Hart had an interest in maintaining the new Goodman Fielder
as a public company, but the benefit of a trade sale couldn’t be ignored. My
mail is that he put the IPO on the backburner and gave Bain and PEP the OK to
make an offer on three conditions: Price, timing and confidentiality.

The price had to be as good as the float promised to be – the $3.6 billion offered was certainly in
the ballpark of the IPO’s indicative range of $3.55 billion to $3.75 billion
without the hassle – and the trade sale offer had to meet a strict deadline
which Bain and PEP also managed.

But the confidentiality condition stressed that there were
to be no leaks about the trade sale, especially anything that might be
construed as talking down the value of the IPO alternative. Somehow or other,
someone somewhere in the process apparently didn’t meet that condition.
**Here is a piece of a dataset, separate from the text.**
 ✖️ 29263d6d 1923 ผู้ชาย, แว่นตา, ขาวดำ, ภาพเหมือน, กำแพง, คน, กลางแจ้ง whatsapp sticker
The deal leaked and Hart stuck by his conditions. He said no
to the quick and easy $3.6 billion in the hand and went back to the uncertainty
of the float.

As the Bartho column clearly shows, Graeme Hart will do very
nicely indeed out of the IPO – and he has still managed to keep the option open
of revisiting that trade sale if the stock market doesn’t like the float as
much as everyone thinks it will.

It’s left for anyone to speculate about ultimate motives in
enforcing that third condition. Perhaps it’s a bit of very clever negotiation
that keeps two attractive balls in the air and very effectively provides a hard
valuation to the institutions who will decide the float’s pricing via a book
build.

Or maybe it’s a hard example of someone who means what he
says.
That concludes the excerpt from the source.